So far this month I've blogged about the "signs of a Mayberry Christmas." They've been - in order of appearance - the city Christmas tree, the Christmas parade down Main St., and the infamous "Christmas Story" leg lamp.
These have been joyous signs of the season that warm our hearts and
leave us feeling all "ho-ho-ho" and "deck the halls" inside.
But I feel I must diverge from this merriment for a moment and engage in what pastors sometimes call "righteous indignation." To which I direct your attention to the above photo. This is a simple shot I took with my cell phone from outside our church's parking lot, looking across the way to the city building and their parking lot, and a baptist church just beyond that - a sign of the season. You see it? Perhaps you're befuddled - and if so, I imagine it's because you're trying to find a sign that is there. Ah, but there's the catch. It is not what's there that is the sign I'm speaking of, but what is not there.
Snow. Snow is what is not there. It's two days before Christmas and there is no snow.
It's not like we're not used to this. Snow in North Carolina, other than the far mountain regions (think Boone and the like) is a rare commodity. But it's never been this bad. I've lived in North Carolina all my life; and I hate to sound like an old curmudgeon, but I remember having two or three good snows every winter as a kid. By "good snows" I mean 5-8 inches that stuck around for a few days and got us out of school. The kind of snows you could sled in, make snow forts and snow angels, that sort of thing. Ah, the memories.
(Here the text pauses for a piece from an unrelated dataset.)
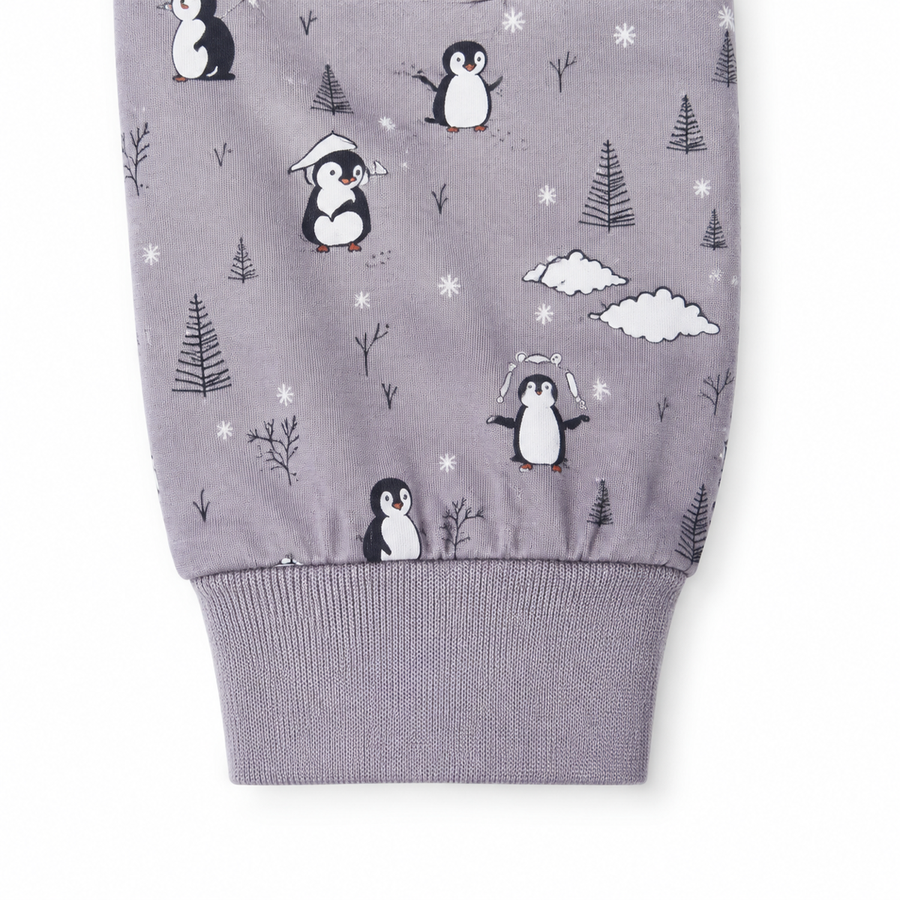 Gray Penguins Romper — Gray Penguins — Cuff and foot detail — image 4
When we moved to Mount Airy, my wife and I erroneously thought we were heading to "snow central," being so close to the Blue Ridge Mountains. We had two good snows our first winter in 2003 and have the pictures to prove it. But since then - nothing. No snows worth writing about, and certainly no snows to play in. My four-year old has yet to experience a real snow. Four years old! Oh, we've had a dusting or two; and the boys see it and freak out and talk about building snowmen and the like. And my wife and I just look at them with sadness in our eyes, because we know the "dusting" (if you can even call it that) will evaporate within a matter of hours and they (and we, for that matter) will be left with nothing but dashed hopes.
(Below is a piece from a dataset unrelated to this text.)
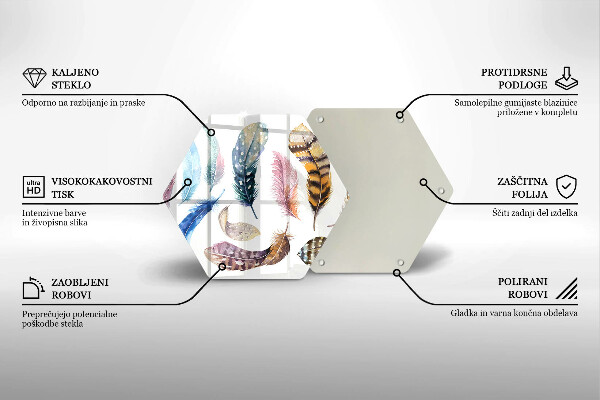 Steklena podloga za rezanje Pisano ptičje perje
I kind of feel like a Chicago Cubs fan who always holds out hope for a big season every year but is not all that surprised when it doesn't happen. Hopeful anticipation mixed with defeated resignation. That's the way it is here with snow. And to add insult to injury, we've had tons of cold weather and precipitation this month - just not together. Two weeks ago the daytime temperatures dipped below freezing, which is lower than usual. But the skies were a beautiful blue. Last week we had consecutive rainfall for about six days (which we needed)......and 50-60 degrees. Now we're back to a cold spell (it was 21 degrees when I woke up this morning; 34 now), but the precipitation is long gone. Is it too much to ask for the two to coincide, just once?? Meanwhile, other parts of the country are getting pounded with the white stuff. Sometime recently they closed schools in Detroit. In Detroit. When, pray tell, does that ever happen?
I'm used to people coming up to me and asking me to do something about this, as if being a pastor gives me influence over our world's weather patterns. I wish it were so. I typically respond with my well-worn line: Sorry - I'm in sales, not management. It makes them laugh and forget, for a moment, their initial query. But I don't forget. Because I feel the same way they do - we in this area are long overdue.
So - I'll just go ahead and say it. I want some friggin' snow. I want that picture above to be a full-fledged white-out so you can't even tell what you're looking at. I want the schools to shut down for days, and I want our family to get to actually play in the stuff instead of just talking about it. I want to make snowcream like my mom used to make (I need to get the recipie, but it can't be that hard). I want to have to fight off the crowds at the grocery store and wrestle a total stranger for that last gallon of milk and last loaf of bread as if my very life depended on it.
I want to wake up in the morning before anyone else does and get dressed and walk outside to get the paper, the first person to make footprints in the snow, and just stand there and soak in the beautiful, peaceful scene and the quiet sound of snowfall. I want to build a snow fort with the boys in our front yard, guarded by the world's best snowman. Heck, make that two. I want to get the sled (if we had one) and take the boys sledding down the hill around the corner from us, and do it over and over and over again. I want to try out the all-wheel drive on my CR-V and see how it handles in the snow, since I haven't had a chance to do that yet. Maybe even help a stranded motorist or something. I want to make chili in the crock-pot and hot chocolate on the stove for lunch. And when the boys are down for afternoon naps because they're so exhausted (you know, from playing all morning in the snow), I want to build a fire in the fireplace and sit in my favorite living room chair, laptop in hand, gazing at the continuous snowfall outside the window, and post a blog about the mounds and mounds of snow we got.
The forecast for Christmas Day is 50 degrees and those beautiful North Carolina blue skies. Sigh. God in heaven, bring an end to our suffering and have mercy on your snow-deprived people! But if it not be your will, just give us sunny skies and 80 degrees so we can go to the beach.